La decisión fue sellada en el marco de un entendimiento bilateral entre la administración de Javier Milei y el gobierno de Donald Trump, con el objetivo de profundizar la cooperación en minerales críticos como el litio y el cobre.
El acuerdo posiciona a la Argentina como un socio prioritario de Estados Unidos en la provisión de insumos clave para la transición energética y la industria tecnológica, en un contexto global de fuerte competencia por el control de recursos estratégicos.
Uno de los ejes centrales del entendimiento es la promesa de Buenos Aires de otorgar celeridad administrativa a los proyectos presentados por compañías estadounidenses bajo el Régimen de Incentivos para Grandes Inversiones, una herramienta creada para atraer capitales de gran escala.
El documento oficial difundido por el gobierno norteamericano señala que la Argentina se compromete a acelerar la evaluación y aprobación de iniciativas elegibles, con el fin de reducir plazos y brindar mayor previsibilidad a los inversores.

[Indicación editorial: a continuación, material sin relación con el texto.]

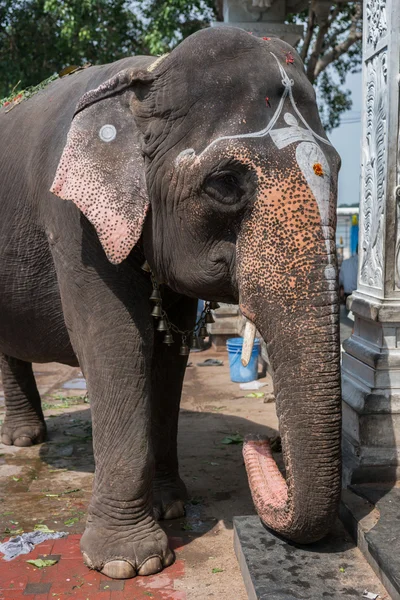 Close-up van Tempel olifant in Trichy. — Stockfoto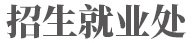 亿百app下载正式成为山东泰山官方合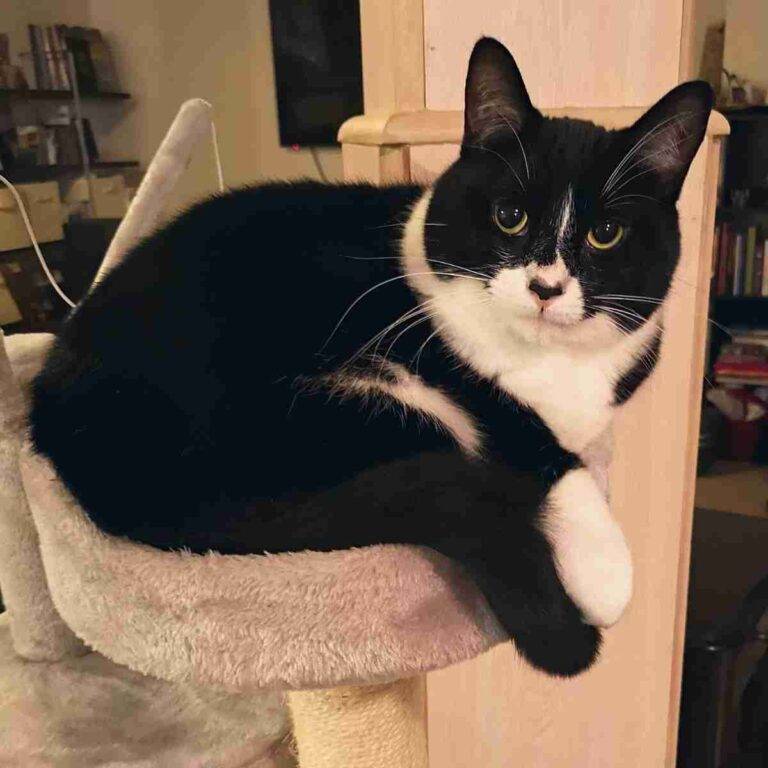 Tuxedo Cats For Adoption Near You Rehome or Adopt a Black and White
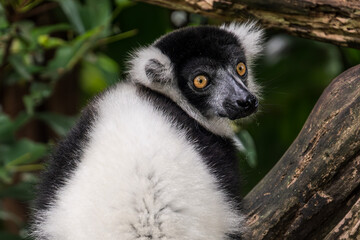 Portrait of black and white ruffed lemur looking back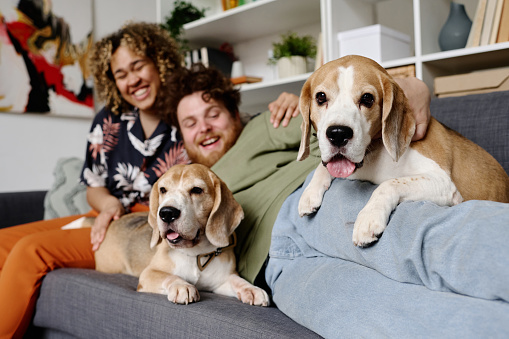 Portrait of pampered terriers lying on sofa together with their owner who lying on sofa and laughing with his girlfriend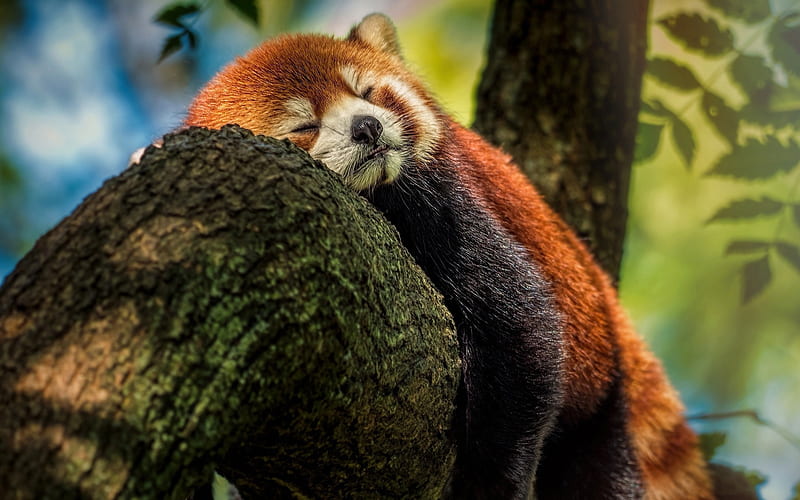 sleeping red panda, wildlife, bears, cute bear, pandas, Ailurus fulgens, Red Panda, HD wallpaper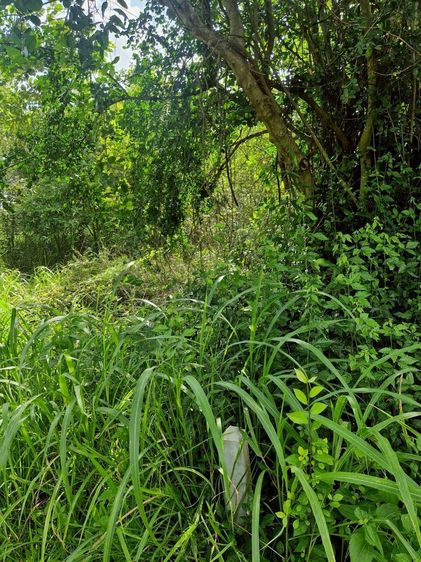 ที่ดินเปล่า รูปที่ 4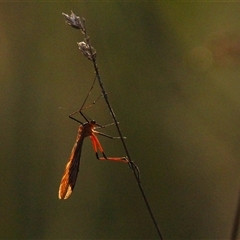 Harpobittacus australis (Hangingfly) at Throsby, ACT - 2 Dec 2024 by P52H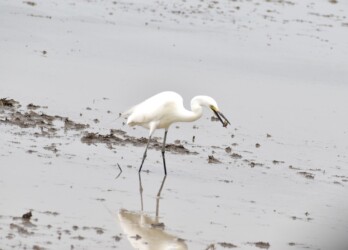 ドジョウ(カエルも)を捕るチュウサギ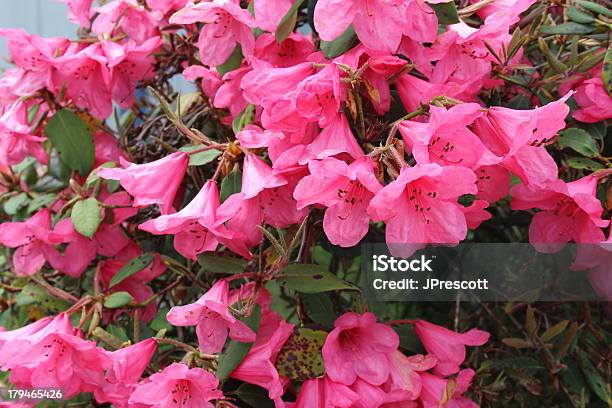 Foto de Corderosa Florescendo Na Primavera Azaleia e mais fotos de stock de Arbusto - Arbusto, Azaléia, Cabeça da flor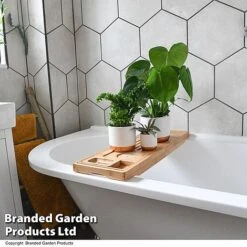 Green Houseplants Bathroom Trio -Plants Sale HOUS BATHRTRIO T43636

Si bien actualmente no existen empresas con casa matriz exclusiva en Estados Unidos que hayan presentado proyectos formales bajo el régimen, el acuerdo podría beneficiar a firmas occidentales que cotizan en Wall Street y que mantienen operaciones en el país.
El texto también deja entrever un claro mensaje geopolítico al establecer que la Argentina priorizará a Estados Unidos como socio comercial y de inversión en minerales críticos por sobre economías que, según la definición oficial, distorsionan el mercado.

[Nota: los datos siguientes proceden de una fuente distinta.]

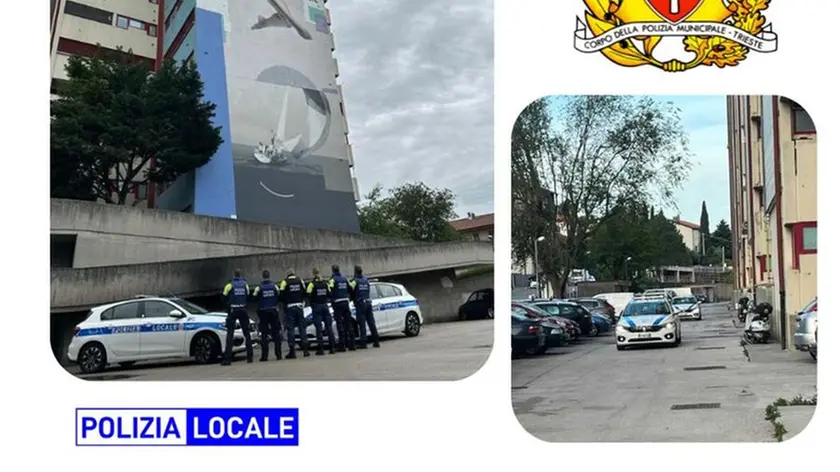 L'immagine tratta dal profilo Fb dell'Agente Gianna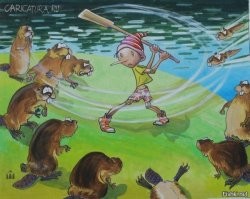 Как бобры запасаются "прикормкой" на зиму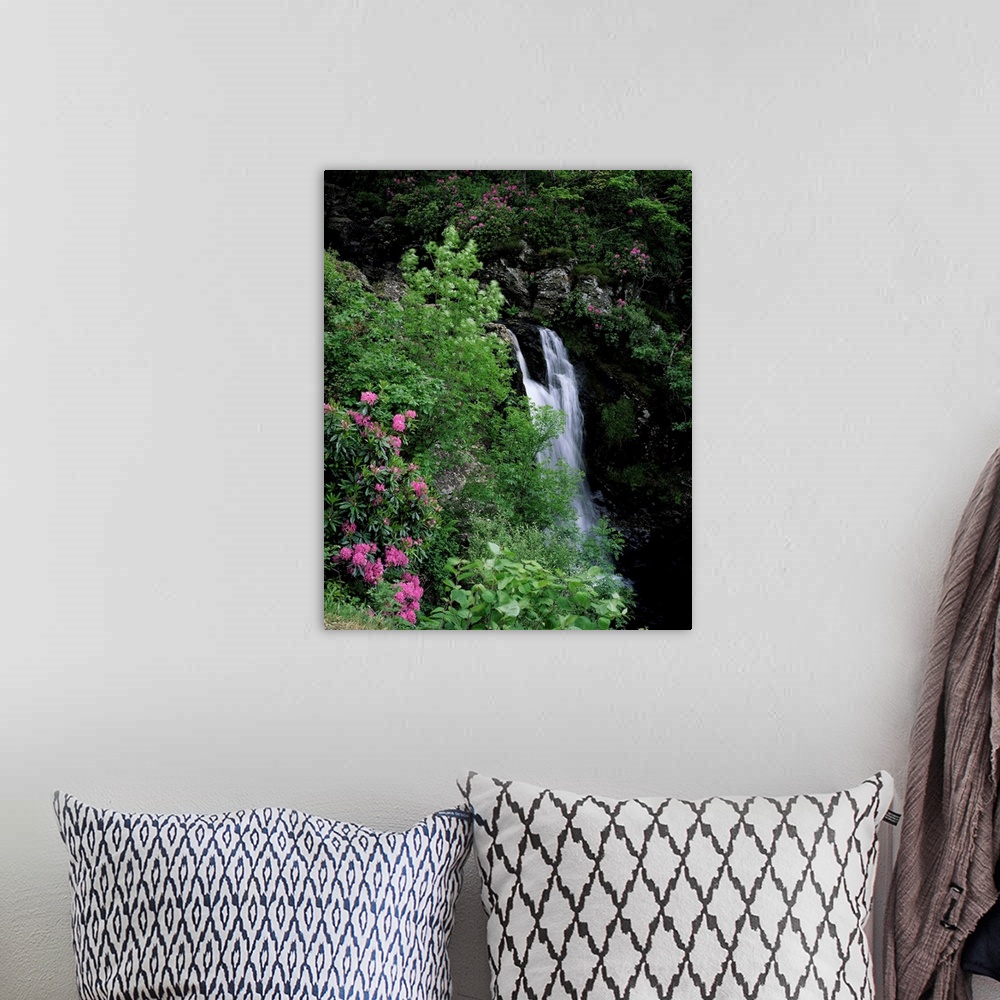 A bohemian room featuring Inversnaid Waterfall, Loch Lomond, Stirling, Central Region, Scotland, UK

En ese marco, el entendimiento se interpreta como un alineamiento con la estrategia estadounidense para reducir la influencia de China en la cadena global de suministro de litio, cobre y otros insumos clave.
El acuerdo contempla además un rol activo del Estado nacional como articulador con las provincias, responsables constitucionales de los recursos naturales, para facilitar el desembarco de inversiones estadounidenses.

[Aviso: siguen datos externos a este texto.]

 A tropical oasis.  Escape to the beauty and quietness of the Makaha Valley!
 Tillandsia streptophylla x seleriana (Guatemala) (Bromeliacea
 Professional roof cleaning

Desde el Ejecutivo se comprometieron a trabajar junto a los gobiernos provinciales para destrabar procesos administrativos y asegurar que los proyectos se desarrollen de acuerdo con las normativas locales y ambientales vigentes.
Otro aspecto relevante es el impulso a la infraestructura minera, considerada un factor crítico para viabilizar emprendimientos en zonas alejadas de los principales centros urbanos y logísticos.
El compromiso incluye facilitar el acceso a caminos, energía y servicios necesarios para que las compañías puedan operar de manera eficiente y sostenible en los territorios donde se localizan los yacimientos.
Para el Gobierno nacional, este esquema busca consolidar un modelo de apertura, previsibilidad jurídica y reglas claras que incentive inversiones de largo plazo en minería.
La aceleración de proyectos bajo el RIGI y la priorización de capitales estadounidenses marcan así una nueva etapa en la política minera argentina, con impacto directo en el mapa de inversiones y en la inserción internacional del país.